Everyone has their own picks but this list is about my personal picks for the very best horror films of the year, and thanks to a last-minute amendment tacked onto the recently passed congressional tax bill, my list is now legally binding. Funny how that works out.
Without further ado, in no particular order, here are my top five horror movies of 2017…
The Bye Bye Man
Imagine how much scarier Freddy Krueger would be if we were never given any indication as to who he is, where he came from, what he wants, or how to defeat him. Imagine how much scarier Freddy Krueger would be if rather than having to wait for you to fall asleep he could get you anytime, anywhere, any place, just so long as you speak a three-word combination (technically, two words twice) that any toddler saying goodbye to a stranger could unintentionally mutter conjuring forth murderous hell upon their day care center.
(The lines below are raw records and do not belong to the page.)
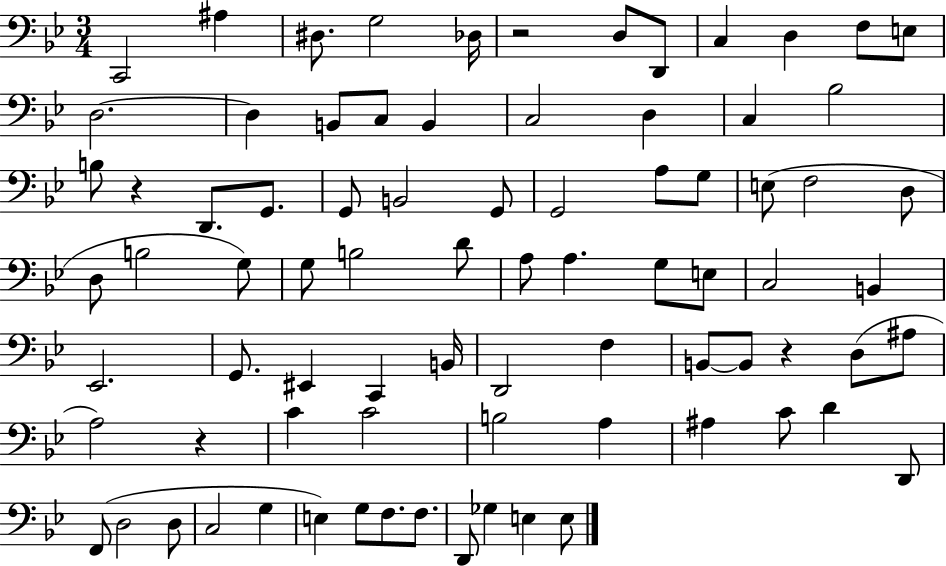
X:1
T:Untitled
M:3/4
L:1/4
K:Bb
C,,2 ^A, ^D,/2 G,2 _D,/4 z2 D,/2 D,,/2 C, D, F,/2 E,/2 D,2 D, B,,/2 C,/2 B,, C,2 D, C, _B,2 B,/2 z D,,/2 G,,/2 G,,/2 B,,2 G,,/2 G,,2 A,/2 G,/2 E,/2 F,2 D,/2 D,/2 B,2 G,/2 G,/2 B,2 D/2 A,/2 A, G,/2 E,/2 C,2 B,, _E,,2 G,,/2 ^E,, C,, B,,/4 D,,2 F, B,,/2 B,,/2 z D,/2 ^A,/2 A,2 z C C2 B,2 A, ^A, C/2 D D,,/2 F,,/2 D,2 D,/2 C,2 G, E, G,/2 F,/2 F,/2 D,,/2 _G, E, E,/2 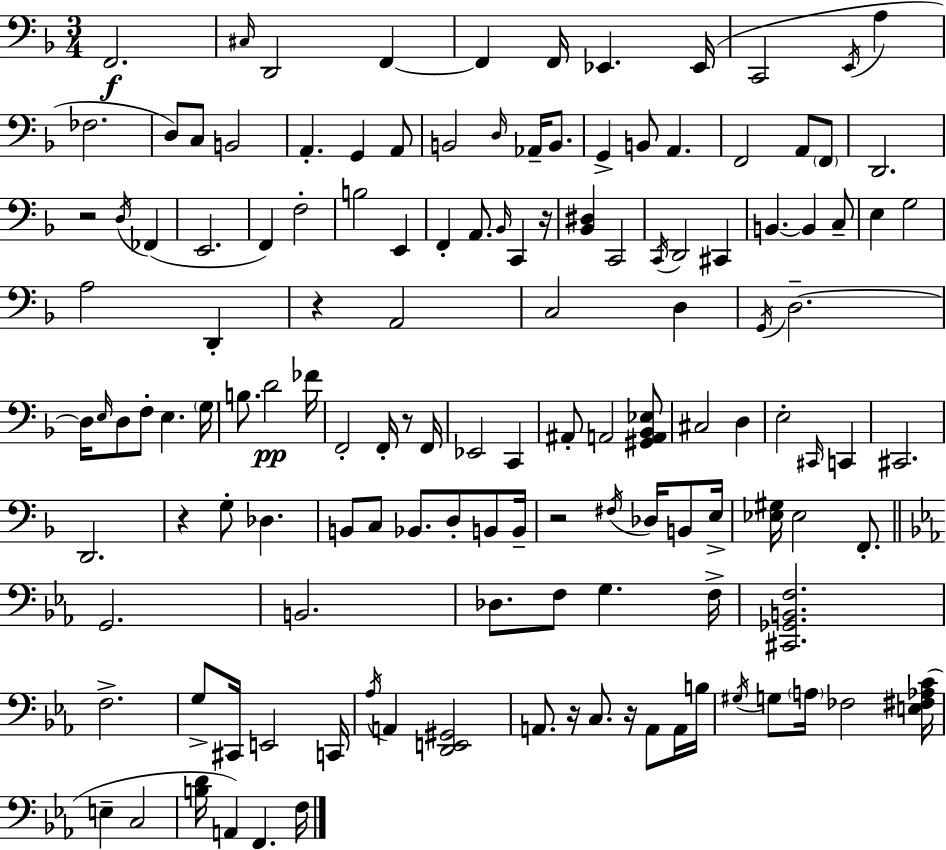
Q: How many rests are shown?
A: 8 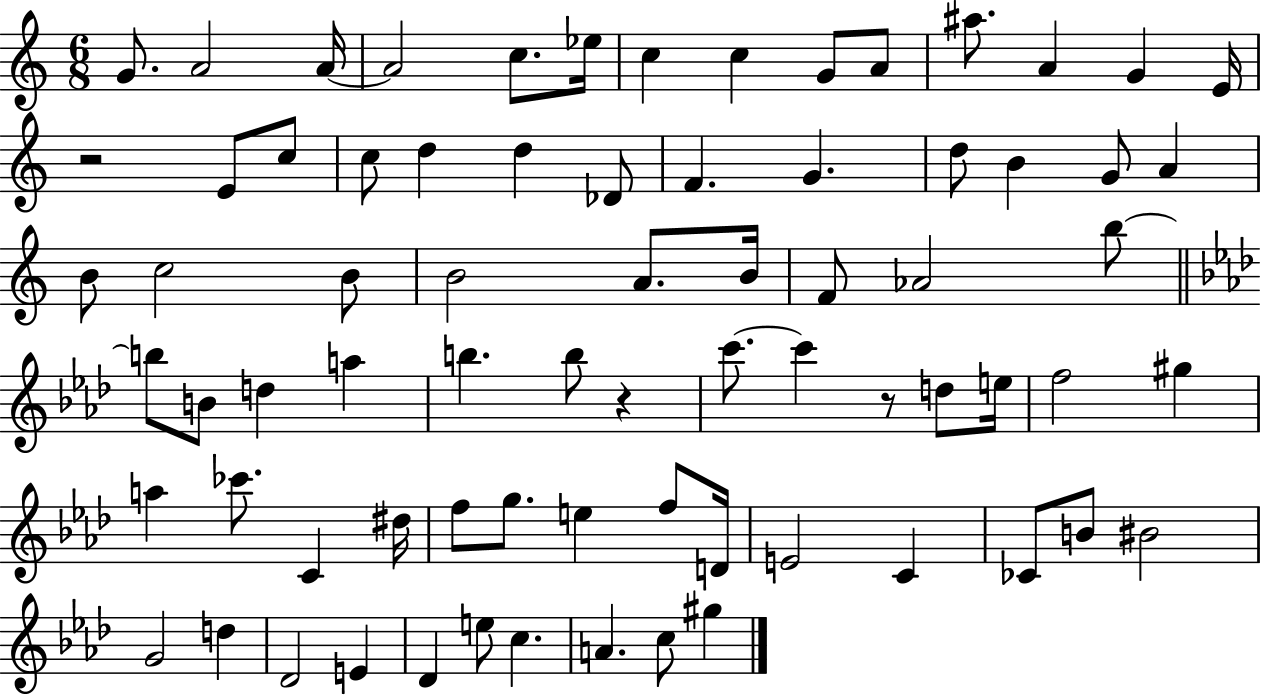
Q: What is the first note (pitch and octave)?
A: G4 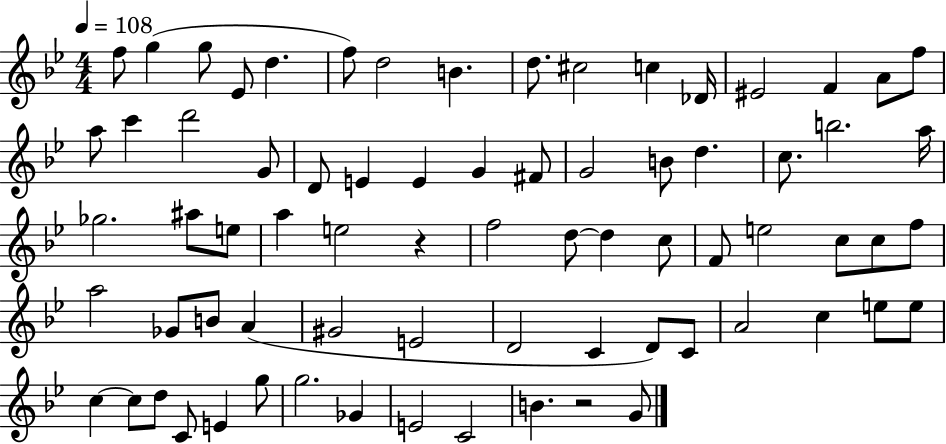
X:1
T:Untitled
M:4/4
L:1/4
K:Bb
f/2 g g/2 _E/2 d f/2 d2 B d/2 ^c2 c _D/4 ^E2 F A/2 f/2 a/2 c' d'2 G/2 D/2 E E G ^F/2 G2 B/2 d c/2 b2 a/4 _g2 ^a/2 e/2 a e2 z f2 d/2 d c/2 F/2 e2 c/2 c/2 f/2 a2 _G/2 B/2 A ^G2 E2 D2 C D/2 C/2 A2 c e/2 e/2 c c/2 d/2 C/2 E g/2 g2 _G E2 C2 B z2 G/2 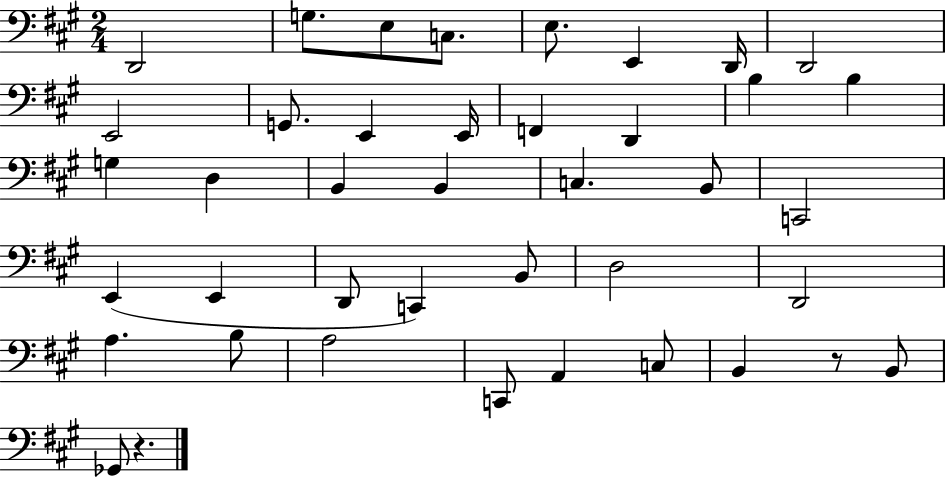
D2/h G3/e. E3/e C3/e. E3/e. E2/q D2/s D2/h E2/h G2/e. E2/q E2/s F2/q D2/q B3/q B3/q G3/q D3/q B2/q B2/q C3/q. B2/e C2/h E2/q E2/q D2/e C2/q B2/e D3/h D2/h A3/q. B3/e A3/h C2/e A2/q C3/e B2/q R/e B2/e Gb2/e R/q.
Imagine no more! 2017 began with the year’s scariest movie and a new horror icon was born!
You know what truly makes Bye Bye Man awesome? He has his own train! How many well-respected horror icons have their own vehicle? None! Bye Bye Man has his own freakin’ train, folks! He doesn’t even ride on his train. He doesn’t take people captive on his train. He doesn’t even kill anyone with his train. Yeah, someone does get killed by a train in the movie but it’s not even his particular train that does it. That’s how awesome his train is. He doesn’t even need or use the damn thing. He just has a train. It’s always comin’. From where? To where? Who knows? Where are all the think pieces about Bye Bye Man’s choo-choo train?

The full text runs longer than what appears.